==== DATASET EXCERPT ====

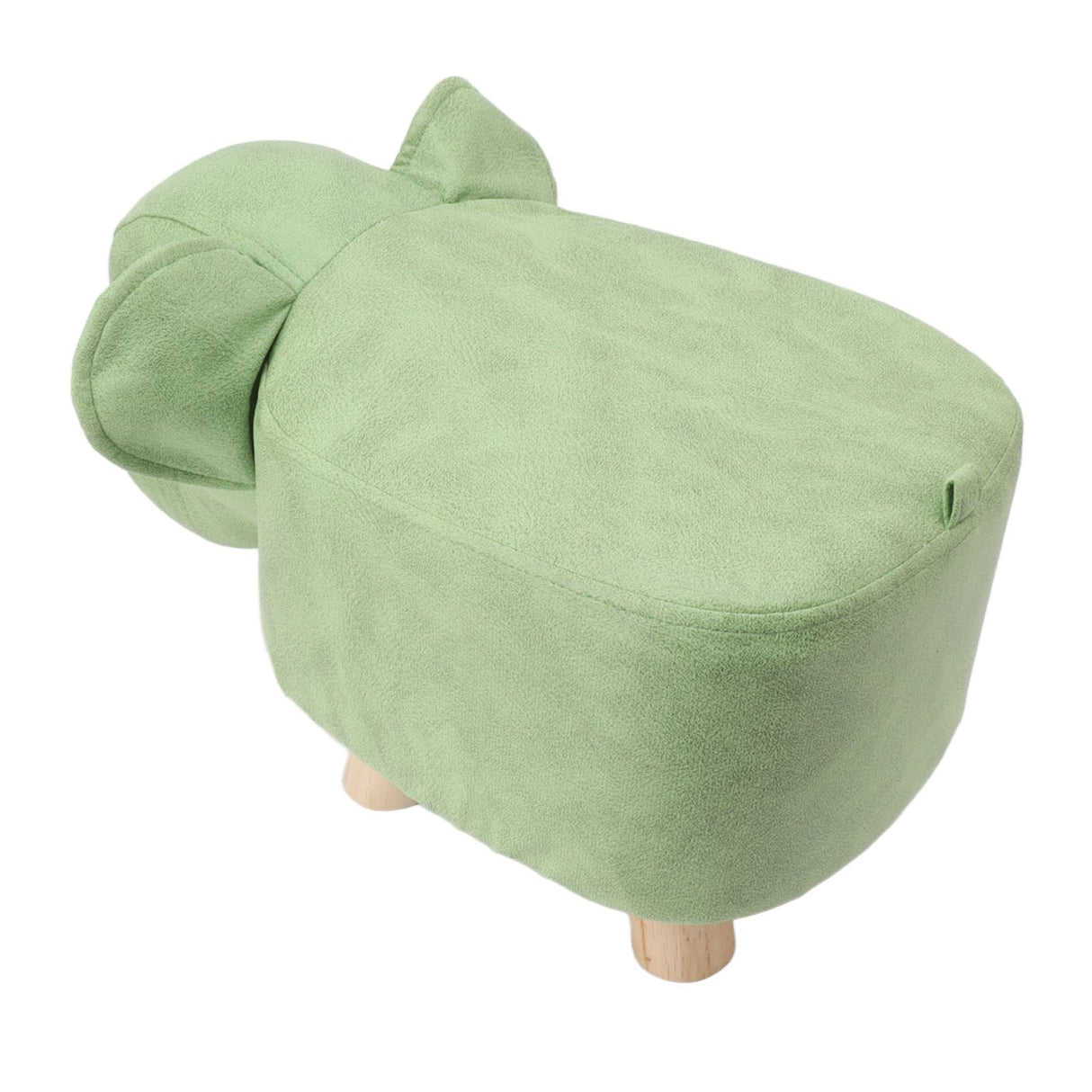 Animal Footstools Elephant Shaped Slip Resistant Silent Comfortable Stable Multi Purpose Cute Stool for Kids Green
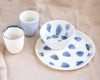 Vaisselle artisanale en porcelaine céramique mugs bol et assiette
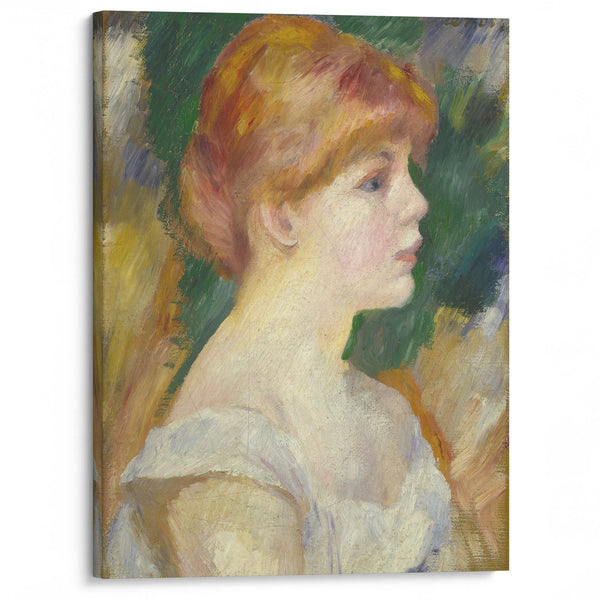 Suzanne Valadon (c. 1885) - Pierre-Auguste Renoir - Canvas Print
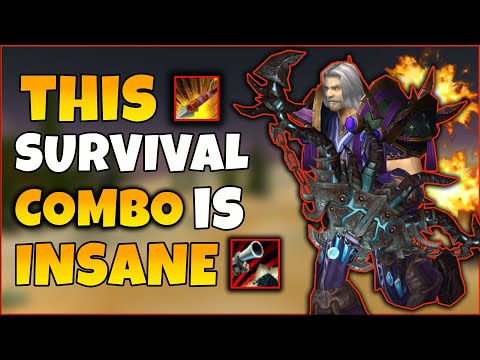 THE FORBIDDEN PvP Combo🔥🧊🧨 - SURVIVAL Hunter Cataclysm Classic PvP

====

> WHAT TO PRODUCE:
Exactly the lines from the one containing "Vaisselle artisanale en" through the end of the data above: repeat those, both ends included, and nothing else. Skip the pictures.

> YOUR SOLUTION:
 Vaisselle artisanale en porcelaine céramique mugs bol et assiette
 Suzanne Valadon (c. 1885) - Pierre-Auguste Renoir - Canvas Print
 THE FORBIDDEN PvP Combo🔥🧊🧨 - SURVIVAL Hunter Cataclysm Classic PvP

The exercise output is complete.